Im 18 and i've had IBS since I was 15, well at least thats when I was diagnosed. I have patches of both constipation and diarrhea and im not sure at all what triggers it. I haven't been back to the doctor since my diagnosis and so im not on any meds. I think meds would help but my mum insists that the over the counter stuff will do. So far im not certain if I have any particular trigger foods or not. There have been a couple of occasions where I have eaten and then had a flare up, but on other days i've eaten those same foods and been fine. My IBS is very random. I have told a couple of my friends but I don't talk about it much. I sometimes wear nappies or pull ups to help me cope with a flare up. My mum dissaproves of this, but honestly it helps me out so much. I'm not sure what I should do to improve it.

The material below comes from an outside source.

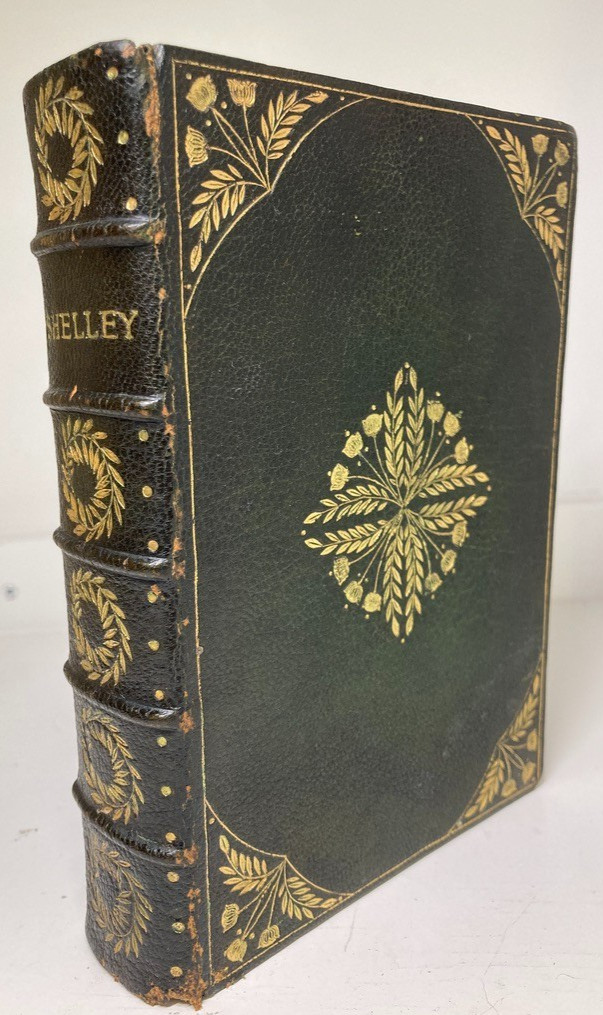 1905 Shelley Poetical Works Fine Green Morocco Leather Binding Gilt Arts & Craft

Anyone have any reccomendations of over the counter medication (available in the UK)? Should I go back to the doctor? It does get pretty bad and im really not sure what to do


----------



## Thomme (May 7, 2019)

Hello SomeoneWithIBS,

Your story sounds a lot like my story. I am a 28 year old female living with IBS. I was diagnosed at 15 but struggled with symptoms long before that. Life with IBS is challenging...but it is doable. If I were to speak to myself at the beginning of my diagnostic journey, I would tell myself one thing loud and clear:

_Resist the temptation to equate who you are with what you are physically struggling with.* You poop your pants? *Big deal. It says nothing about your abilities as a person. *You react to the food you eat? *That's unfortunate. But it does not mean you deserve shame or social isolation. *People you love judge you for the way you manage your symptoms? *That is truly sad. Love them anyway. And don't judge them back. Explain to them what you are going through. If they still don't understand or attempt to support you, learn firmly that their opinions on the topic do not matter. Listen to those who have gone through similar things...which brings me to your question on what to do from here. Do you return to the doctor? My advice is seek support. If your doctor supports you, then YES. Absolutely return. If your doctor does not or makes you feel as though your IBS symptoms are some sort of defect, express these feelings to him or her. If he or she does not empathize and work with you on addressing these feelings, find a new doctor. Or maybe seek help from a counselor alongside with your medical care. IBS is an exceptionally difficult medical condition because it has so many social implications and causes a lot of mental strain on the individual because of its chronic and multi-faceted nature. The most important thing is for you to manage what you can medically and then seek additional support if you realize your physical symptoms are causing mental strain OR if your mental strain about having IBS is worsening your physical symptoms. _

_I hope this helps. You are not alone. Reach out to people who make you stronger. _

_If that's this forum, I'm always happy to share my experience with you. _


----------



## Belle142 (Mar 15, 2014)

Hi SomeoneWith IBS,

Honestly, I cannot better the post above me. If pull ups help you get out of the house, go for it. It is so much better than trapping yourself in the house like I did. I was diagnosed with IBS when I was 21 but I do believe I had been suffering with it since I was in Sixth Form.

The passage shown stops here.